Everything I have been doing in the past month has been a bit of a departure from my usual way. I have finally managed to say "No! I'm busy" when something comes up that interferes with my Cap class. I, at a level, can not believe that I have been doing this. Am a sucker for going with things as they come and not being able to say no. But not anymore. Not in this case.
I even went and got myself a tambourine and I give playing it a shot everyday. It's called Khadak Singh. I am quite un-musical so to speak at plaing him. But, that doesn't surprise me. I have no musical bones or tissues in my body.
I still suck at Capoeira. I fumble when singing. I Fall. Make an ass of myself. Forget everything in the roda and keep jumping out of the way of the person playing with me for the lack of anything else to do. But, I love it.
Everytime I fall, i'm the only person laughing at me. Everytime I try something and get myself in a knot and then give up on it to restart, I'm the only one judging me. Everytime I come close to saying I can't do this, there are always more than a two voices that say "come on! try again!" Everytime I tell someone "why don't you practise with someone else? I don't know this" I only hear "No. Lets try. Give it a shot atleast!" Never have I felt so at home and comfortable doing things that make me want to evaporate. I won't say I have won over my image and identity issues. They have been my companions for as long as I can rememebr. But I'm slowly getting one up on them.
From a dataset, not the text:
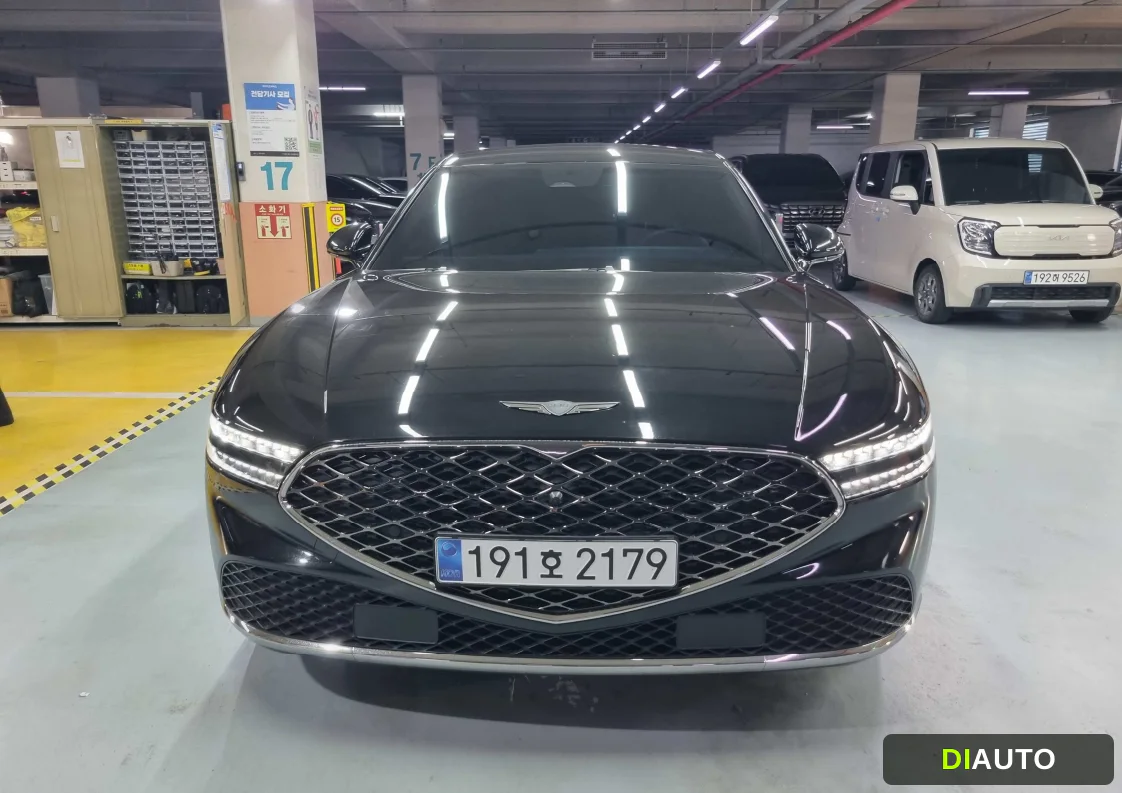 Genesis G90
For the first time I am being myself. When baba had asked me to introduce myself to everyone, all I had to tell them was my name. That's it. Not where I am from. Not what I do. Not what I like. None of that. Nothing. My identity was simply my name. And trust me that's great.
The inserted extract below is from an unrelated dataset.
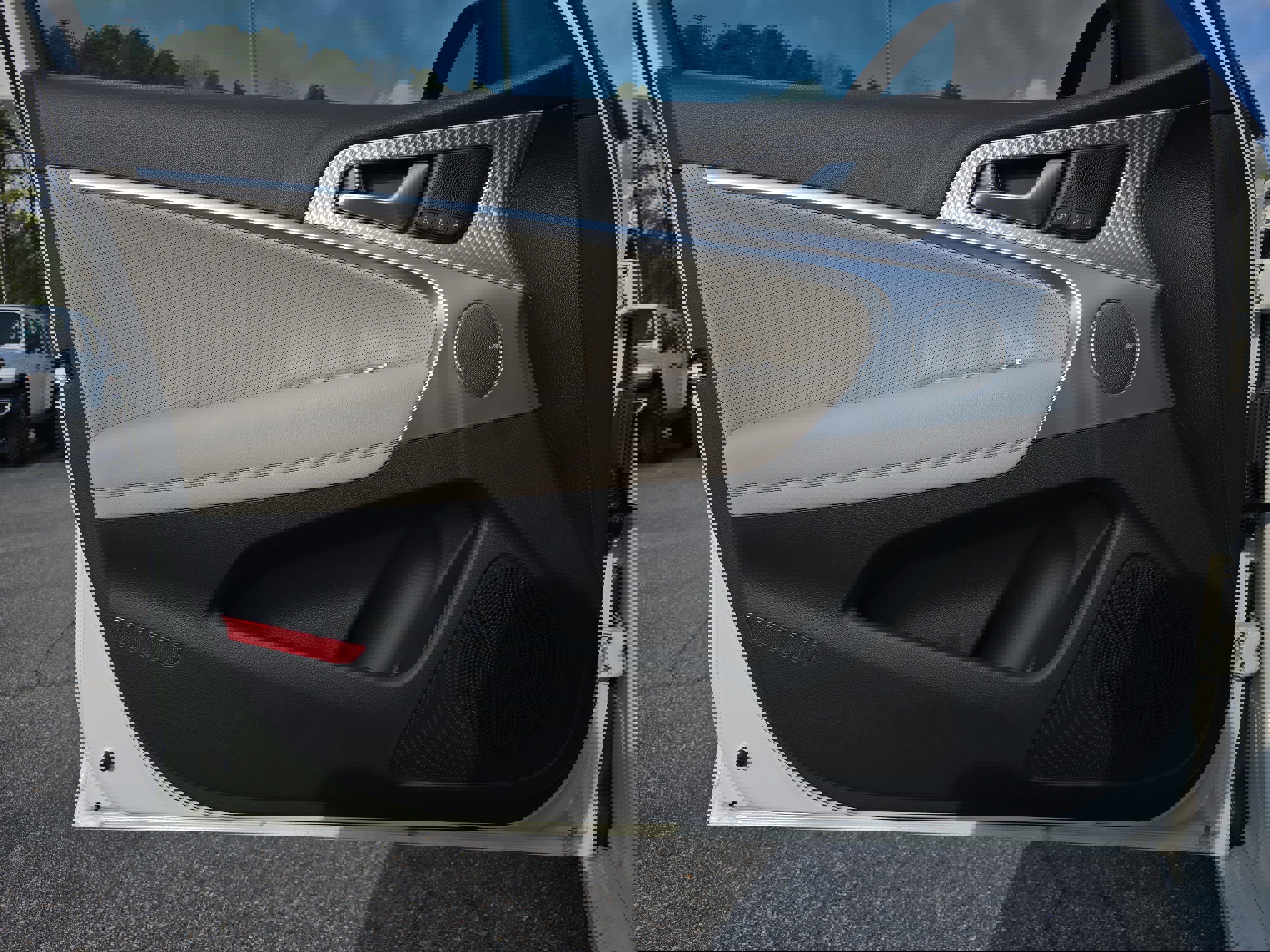 Used 2023 Genesis G70 2.0T w/ Sport Prestige Package image 26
I spent lat night chatting with a dear friend who has sweet enough to put up with me in my non airconditioned abode, going on and on about Capoeira and what its like for me and what I do there and the one thing i clearly remember her saying was "that doesn't sound like you" apart from the various other digs she took at me.
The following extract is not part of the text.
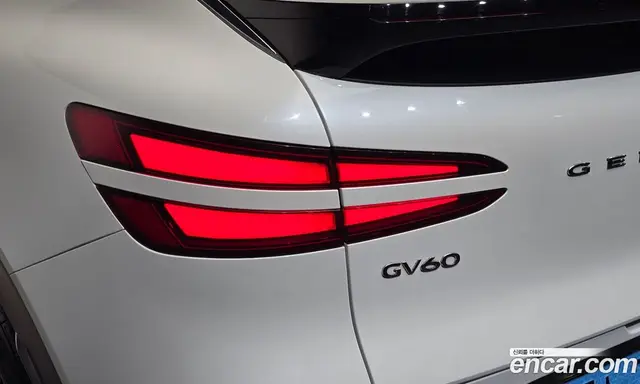 Genesis GV60 2022 0.1 автомат (гидро), миниатюра 9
Yup! none of what I have been doing sounds like me, to me. I know why. I'm there for myself. Not for anyone else. I'm proving a point to myself. Not anyone else. I dont give a damn anymore what people think of me and if I can please everyone. The latter has been the bane of my existence since forever! I do it because it makes me happy. I do it becasue I am begining to see sides of me I hadn't before. I do it becasue I love it.
And, now since is pouring, and its time to do the happy chicken dance, I'm going to go get Khadak Singh and play with him for a bit.
What are the cances that I'll get any good at beating his goat skin?! I'd say, if it keeps raining, the chances are quite good... :)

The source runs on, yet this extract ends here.